D'emblée, le romancier plante le décor. Les répliques salées d'une mère grincheuse et pas aimable pour un sou vous hérissent le poil. Une mère, Élisabeth, qui fait payer à sa fille, Simone, la disparition du père, Robert Mahé, au lendemain de l'élection de François Mitterrand, le 11 mai 1981. Robert est parti, les recherches n'ont pas abouti. Telle est l'histoire sur laquelle Simone s'est construite. La mère a imposé le silence, la fille s'est exécutée. Mais est-ce la vraie histoire ?
Jérôme de Verdière joue avec les mots "mer" et "mère" et l'on se demande laquelle était la plus mauvaise.
"L'envie de l'étrangler. Mais on n'étrangle pas sa mère. Ça ne se fait pas."
Anatomie d'une relation toxique
Le roman porte une réflexion sur la relation mère fille en particulier et le mal-être silencieux qui peut ronger un être durant des années. Il nous tend le miroir où reconnaître ces bouts de mémoires et histoires qui nous définissent sans que l'on s'en doute. Du haut de ses quarante ans, Simone marche sur la pointe des pieds dans une existence qui peine à démarrer. Dès ses cinq ans, le père a quitté le navire familial. Le bonheur aussi. Le personnage du père, l'absent, dont on ne parle pas et qui pourtant semble obséder mère et fille.
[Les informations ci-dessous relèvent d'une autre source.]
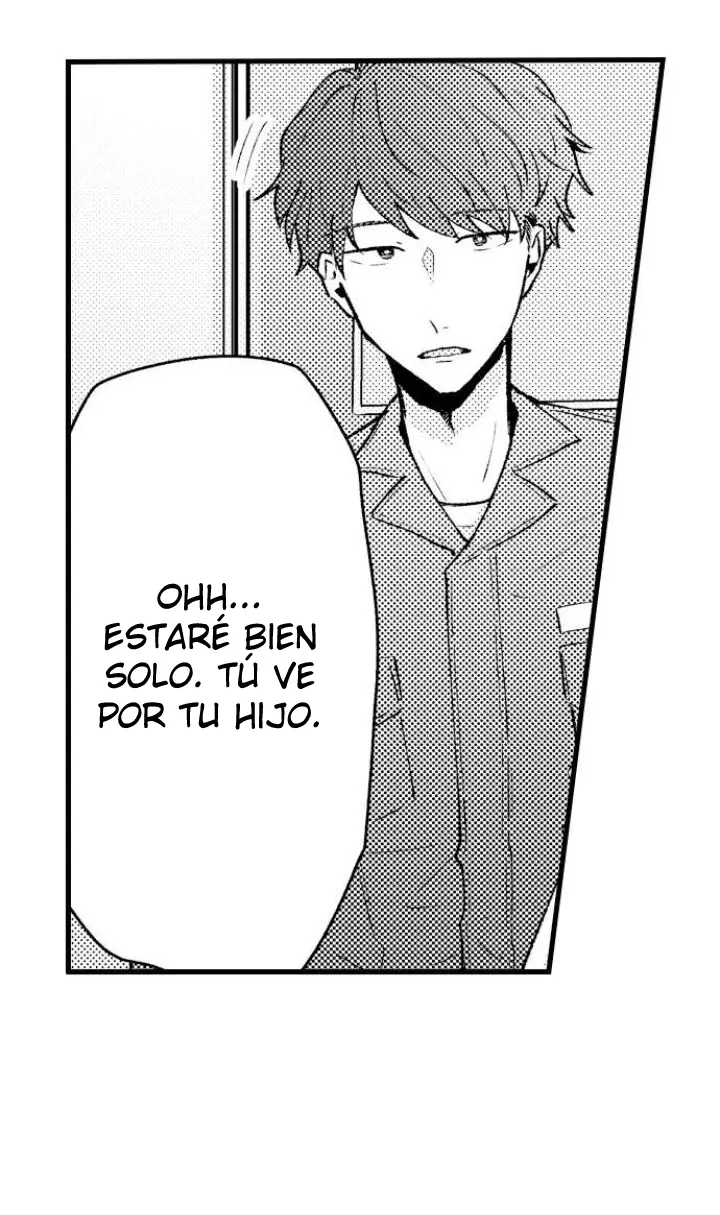 Hakidame no Tsuru wa Yogosa Retai- El niño precioso quiere ser degradado - Capítulo 7 - Página 11 - LectorTMOo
Un récit émouvant où les échanges entre les deux femmes sont insoutenables mais le souffle et l'humour caustique de Jérôme de Verdière vous décrochent des sourires.
Perçue par les voisins comme une vieille revêche, Élisabeth vit dans un état de ressentiment absolu avec tout ce qui l'entoure. La haine qu'elle porte en elle semble intacte et résiste aux temps. Jérôme de Verdière pousse le cynisme, l'aigreur de cette femme jusqu'au bout. Au point où elle devient parfois attendrissante. Sa fille, Simone, son souffre-douleur encaisse les phrases assassines mais ses nerfs deviennent fragiles. Parfois, elle lui vient "L'envie de l'étrangler. Mais on n'étrangle pas sa mère. Ça ne se fait pas." Petit à petit, on s'immisce dans l'intimité de ces deux femmes et dans leurs guerres silencieuses. Mais, à la fin, que reste-t-il des non-dits et des secrets de famille et jusqu'où peut-on taire une vérité ? Jérôme de Verdière est journaliste, animateur de la revue de presse sur Paris Première, il est également auteur de La Robe et de plusieurs pièces de théâtre aux éditions du Cherche Midi. Mauvaise mer est son deuxième roman. 192 pages.